Historical evolution of Bangladesh’s energy vulnerability
In the 1960s, optimistic projections suggested that the natural gas reserves discovered in the Sylhet region of what was then East Pakistan might last as long as 250 years. In retrospect, those estimates proved overly optimistic, especially once Bangladesh began to industrialize rapidly after independence. From 1971 onward, natural gas became the foundation of the country’s energy system. It powered most electricity generation, supplied fertilizer production, and for decades accounted for roughly 80 to 90 percent of total power generation. Proven gas reserves were estimated at about 30 trillion cubic feet (TCF) or 850 billion cubic meters, creating an early sense of abundance that discouraged timely diversification.

Bangladesh also possesses no meaningful petroleum reserves and only limited coal resources. The Barapukuria coal mine in Dinajpur, though symbolically important, contributes only a small fraction of the fuel needed for coal-based generation. As power demand expanded, domestic gas production increasingly failed to keep pace. In response, Bangladesh turned more heavily to imported energy. LNG imports began in 2018 and marked a decisive move toward external dependence, tying the country more closely to global spot markets and long-term supply contracts. At the same time, Bangladesh expanded coal-based generation and increased cross-border electricity imports, particularly from India. The result was a more diversified energy mix, but one that also became more vulnerable to external pressures.

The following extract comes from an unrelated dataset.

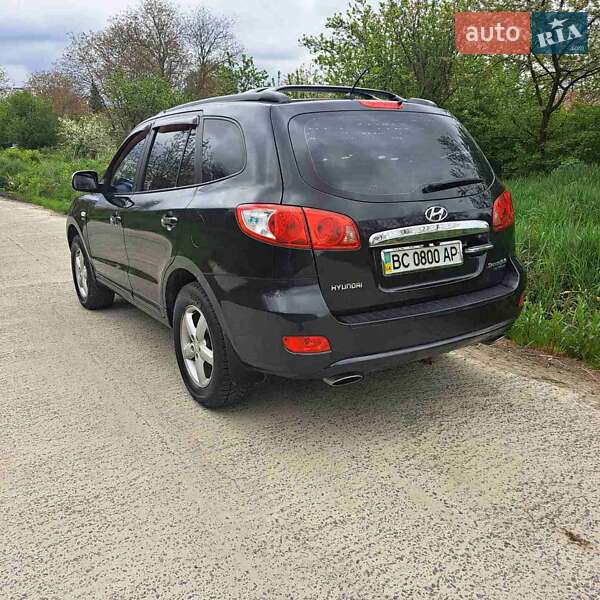 Внедорожник / Кроссовер Hyundai Santa FE 2006 в Львове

Today, more than half of the country’s primary energy supply is imported, exposing it to price volatility, currency depreciation, and geopolitical disruption. These risks became starkly visible after 2021, when turbulence in global LNG markets, rising fuel costs, and domestic fiscal pressures revealed the fragility of this import-dependent system. As Bangladesh has moved beyond least-developed-country status, sustaining economic growth has become closely tied to managing this dependence. Renewable alternatives remain limited. Hydropower potential is constrained by the country’s flat alluvial topography, and the Karnafuli hydro-dam on Kaptai Lake still provides less than 1 percent of national electricity consumption. Solar energy has shown the greatest promise, particularly through the proposed deployment of more than five million rooftop solar panels in off-grid rural areas. Nuclear power may offer some diversification in the future, though the Rooppur Nuclear Power Plant, located on the Padma River in Ishwardi Upazila of Pabna District, remains in the commissioning and pre-operational stage rather than in full commercial operation.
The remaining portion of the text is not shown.